Copying exactly, give the lines in the material below from the one with "Cartes postales Christ" to the one with "HAMbWG - Tシャツ – Wave (正面)", ends included, and nothing besides.

=== MATERIAL FOR THIS TASK ===

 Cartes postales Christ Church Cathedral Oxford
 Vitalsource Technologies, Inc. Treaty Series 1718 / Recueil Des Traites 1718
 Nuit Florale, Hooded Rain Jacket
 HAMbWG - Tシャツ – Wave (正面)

===
=== MATERIAL FOR THIS TASK ===

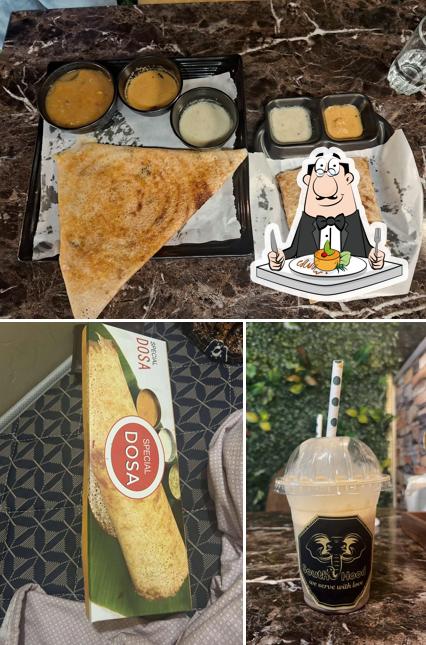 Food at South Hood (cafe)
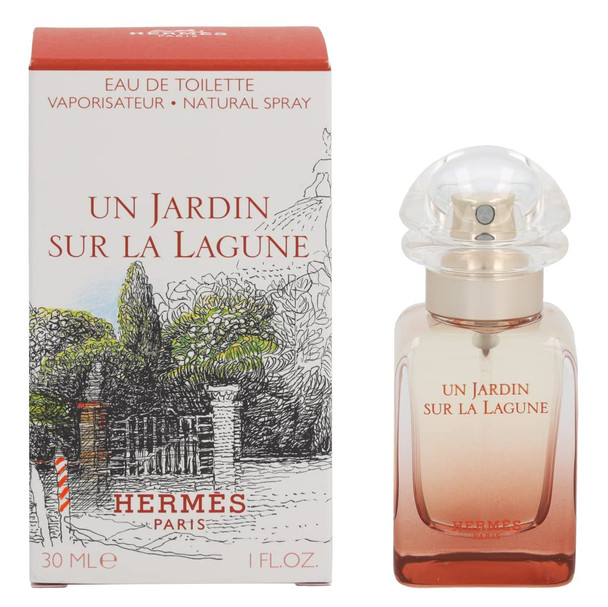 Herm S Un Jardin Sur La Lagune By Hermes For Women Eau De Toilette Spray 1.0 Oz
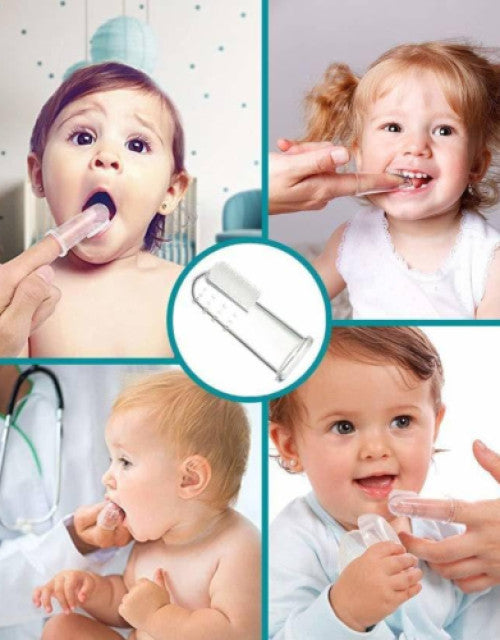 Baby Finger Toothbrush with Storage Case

===

ANSWER FOR THIS EXERCISE:
 Cartes postales Christ Church Cathedral Oxford
 Vitalsource Technologies, Inc. Treaty Series 1718 / Recueil Des Traites 1718
 Nuit Florale, Hooded Rain Jacket
 HAMbWG - Tシャツ – Wave (正面)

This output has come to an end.